これは出演者の1人、青山理紗子さん(私の授業のかつての受講生)からご案内いただいたものなのだが、実に楽しかった。
演目は次の通り:
前半
武満 徹:小さな空/『他人の顔』より ワルツ ①②
連 一矢:3つの小品 ②
湯山 昭:『お菓子の世界』より バウムクーヘン ②
湯山 昭:歌曲集『カレンダー』 ①②
後半
平井 康三郎:幻想曲『さくらさくら』 ③
大澤 壽人:富士山 ②
八村 義夫:ピアノのための即興曲 ②
伊福部昭:ピアノ組曲 ③
演奏者:①野尻 友美(歌)、②青山 理紗子(ピアノ)、③藪内 弥侑(ピアノ)
硬軟取り混ぜた、しかも、巧みに配列された選曲であり、楽しいだけではなく、聴き応えも十分で、「ああ、よいものを聴かせたもらったな」としみじみ感じた次第。
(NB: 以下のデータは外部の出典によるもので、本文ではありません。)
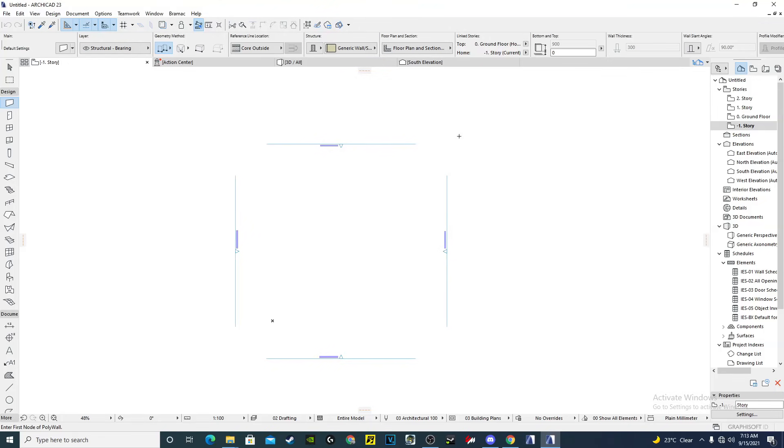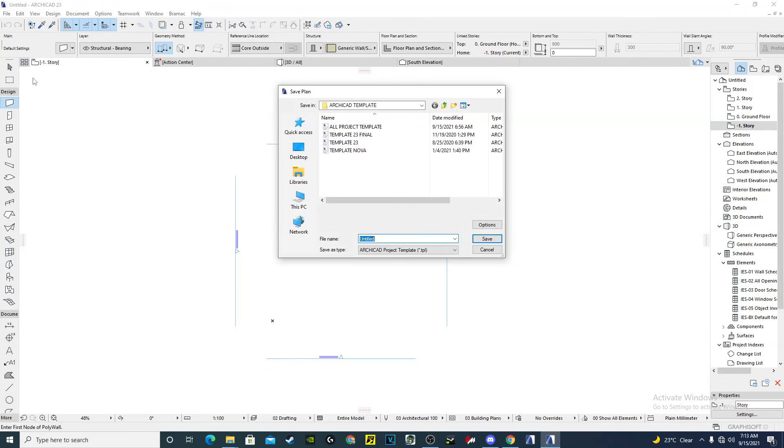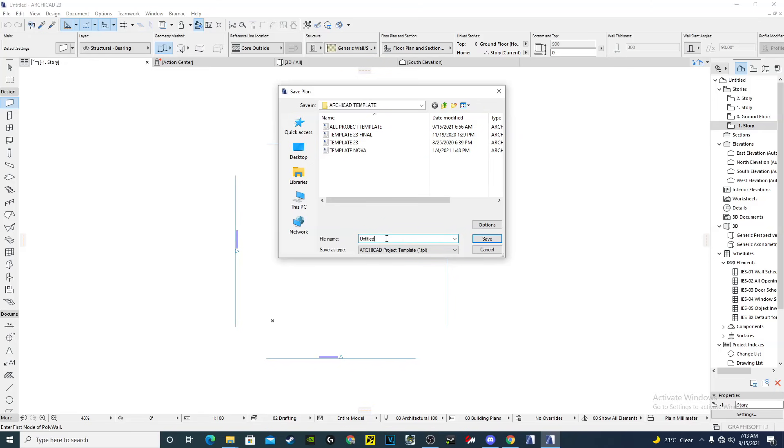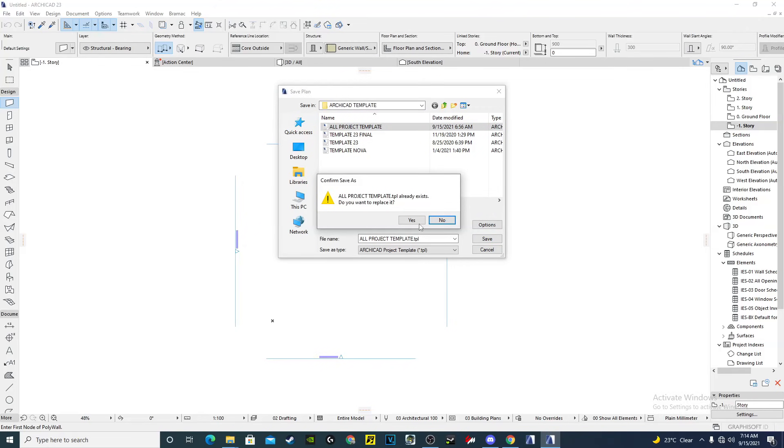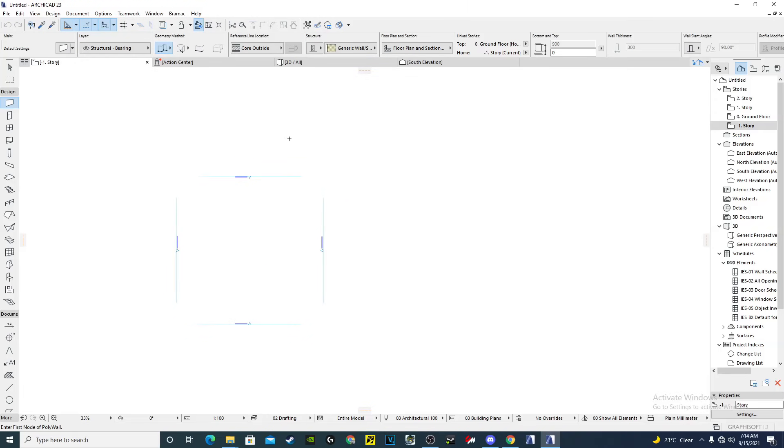Sorry, the other thing that I forgot is to save our template. Save as, and then I have created the other. You can write your own name. For me, I want to save on top of this one and then I hit save it. Yes, now everything is done.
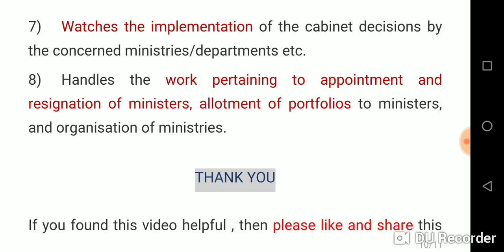Function 8: It handles work pertaining to the appointment and resignation of ministers, allotment of portfolios to ministers, and the organization of ministries.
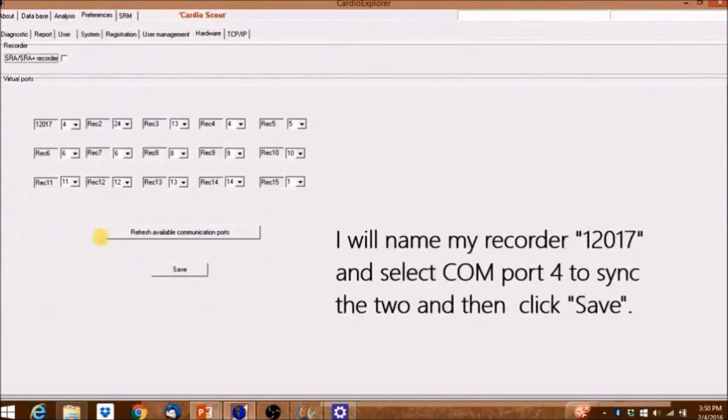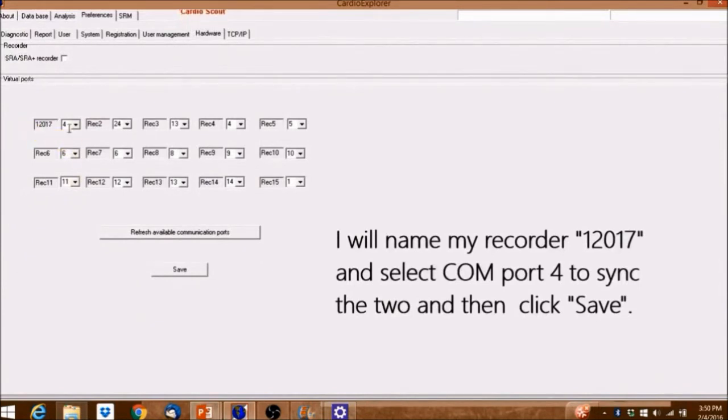I'll name my recorder 12017 and select COM port 4 to sync the two and then click Save.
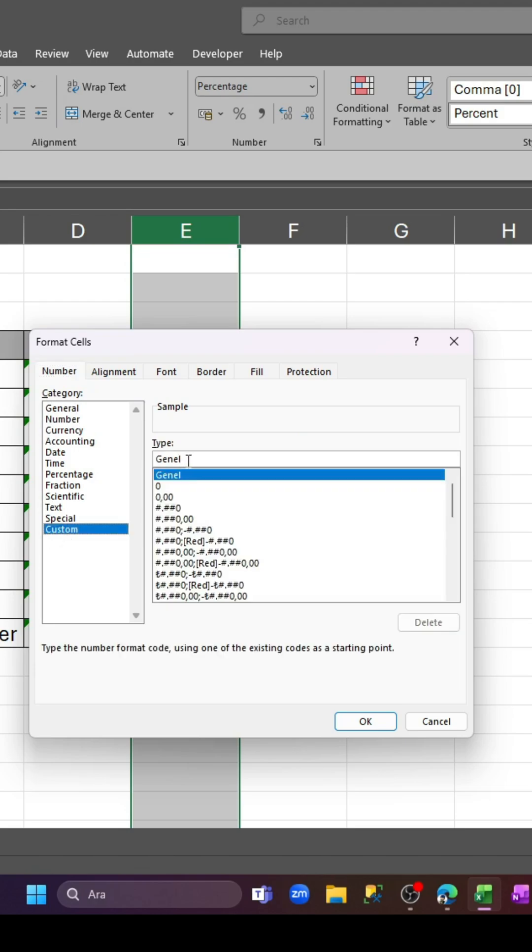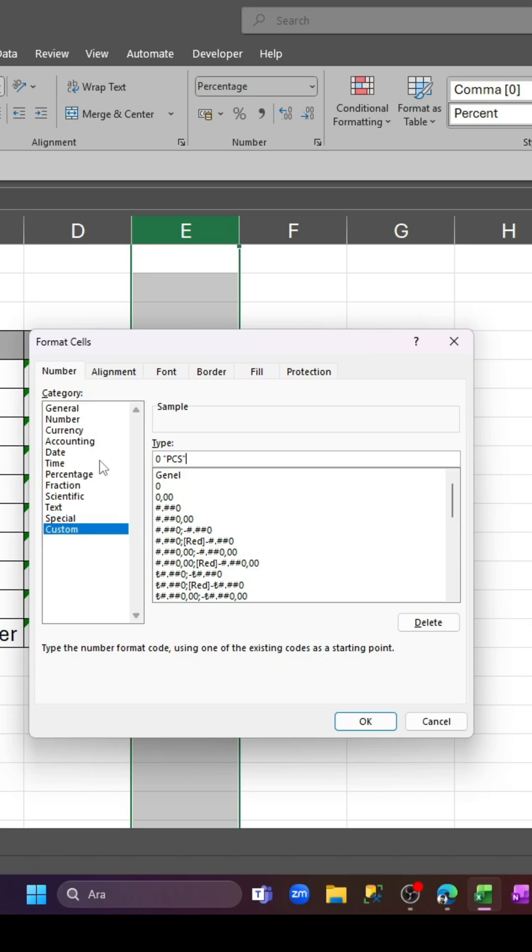Select Custom, and as you can see, there is 'General'. Delete this and simply type zero, leave a space, open double quotes, and write 'pieces'. If you're multiplying kilograms, you can write 'kilograms' or whatever value you want to display.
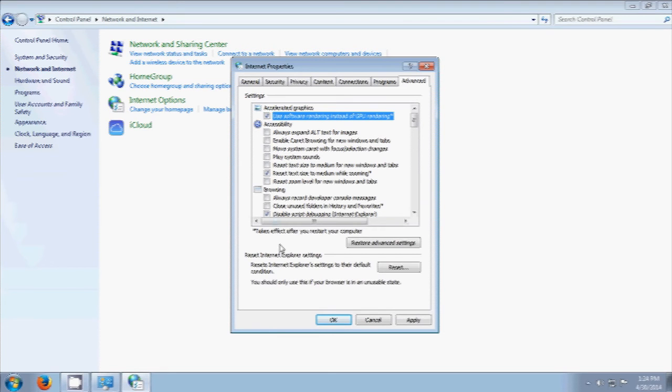And then click this one, Use Software. Okay, click this and Apply.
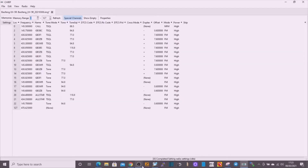Just playing around trying to get the UV-5R to transmit DTMF automatically. I know it works manually — you hold the PTT in, type the keys, it works, it connects and everything works perfectly.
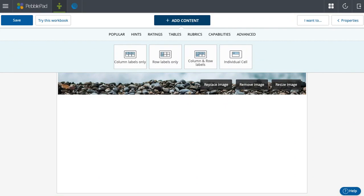In this next video of creating templates/workbooks in PebblePad, continuing to show you the pieces of content that you can add, I want to focus on tables.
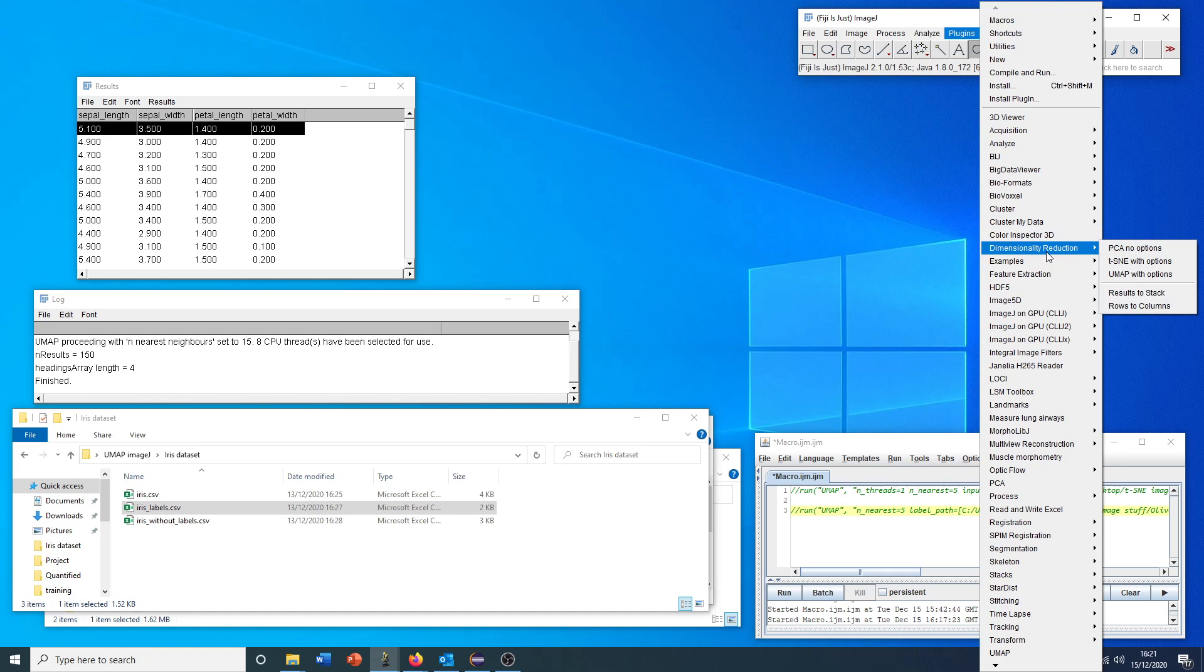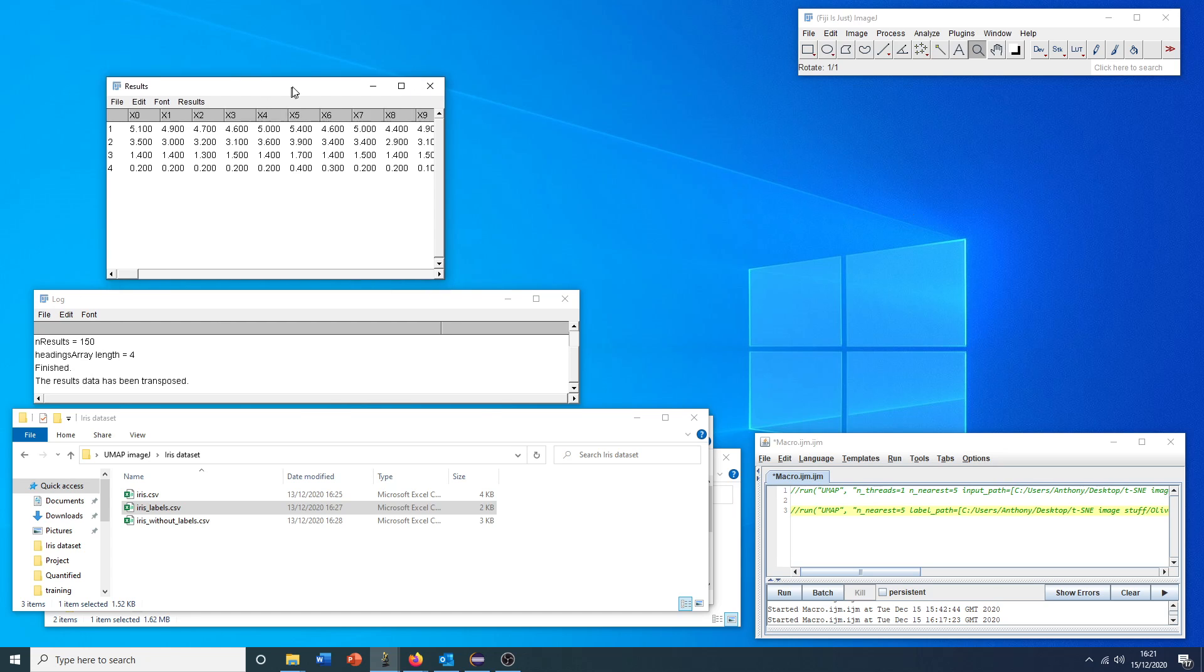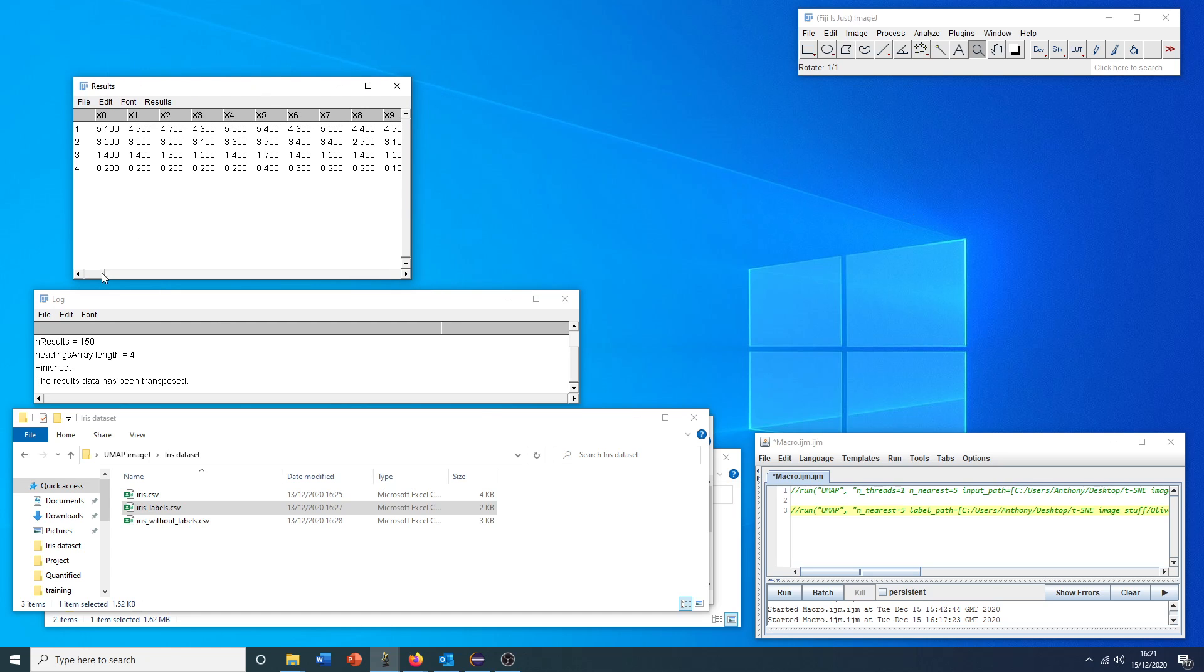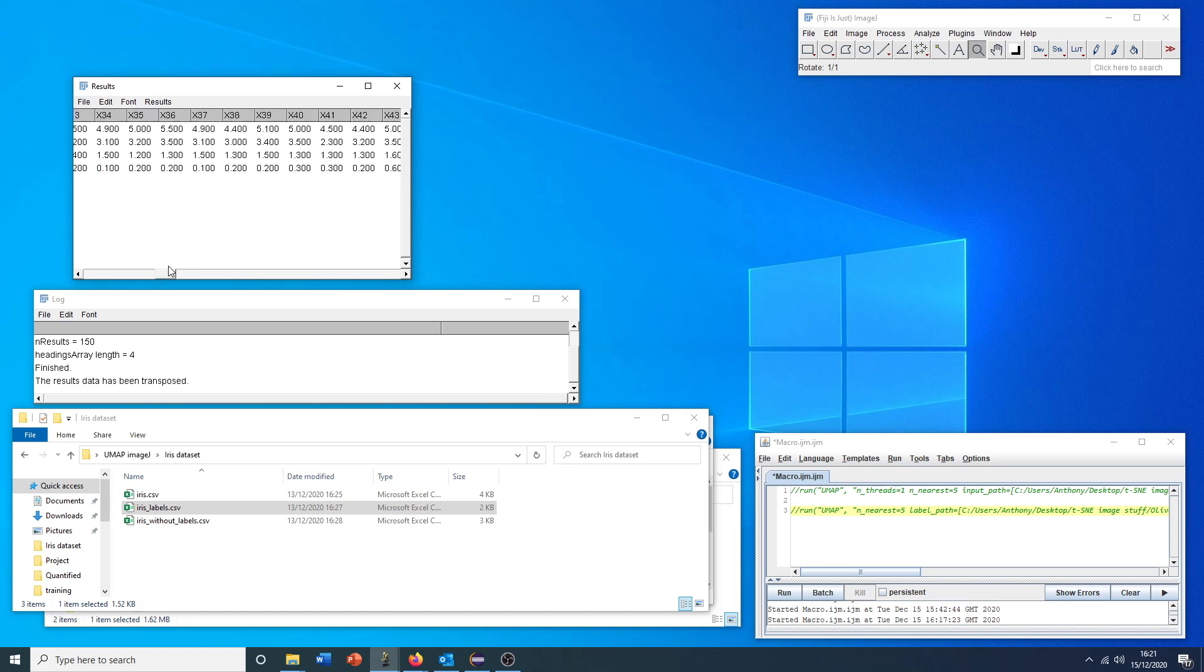If you go to dimensionality reduction, we can use rows to columns. And this very quickly has transposed our data now to have each individual instance as a separate column. And now our flower properties at different rows.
「邦人作品」を集めた演奏会となると、妙に気張った選曲か、逆に親しみやすそうな作品だけで固められた気の抜けたようなものが目に付くのだが、この演奏会はそうではない。気張ってはいないが十分に気が遣われた、すてきな演奏会だった。
前半の演目はいわば「おしゃれ系」である。最初の演目「小さな空」はその幕開けとして巧みな選曲である。続く連作品はジャズなどに取材したものであり、湯山作品はフランス近代の流儀によるもの。いずれもとっつきやすいものだが、決してeasyではなく、充実した音の世界を繰り広げていた。
後半は「和の調べ」ということ強く感じさせる作品が集められており、それぞれに味わいのあるものだった。面白いのは、いかにも日本的な、しかもどちらかといえば穏健な作品の中に1つだけ八村義夫の前衛的な作品が含まれていたことだ。この曲を選んだ青山さんは演奏に先立って、同曲に感じられる「和」の要素を説明していたのだが、それを聞いて。「なるほど」と思い、さらに演奏を聴くと「ごもっとも」と思わされた。そして、この八村作品が続く伊福部作品をいっそう効果的なものにしているように感じられたのである。
演奏はいずれも自分が選んだ作品への愛に満ちたものであり、聴いていて気持ちがよかった。また、先の八村作品のみならず、他のすべての作品について演奏者による、ありきたりではない、自分の言葉できちんと音楽について述べたトークがあり、それもこの演奏会の重要な構成要素であったと思う。
ともあれ、いろいろな意味で楽しい演奏会で、とても幸せな気分になれた。演奏者(=企画立案・実行者)の方々に心からの御礼を。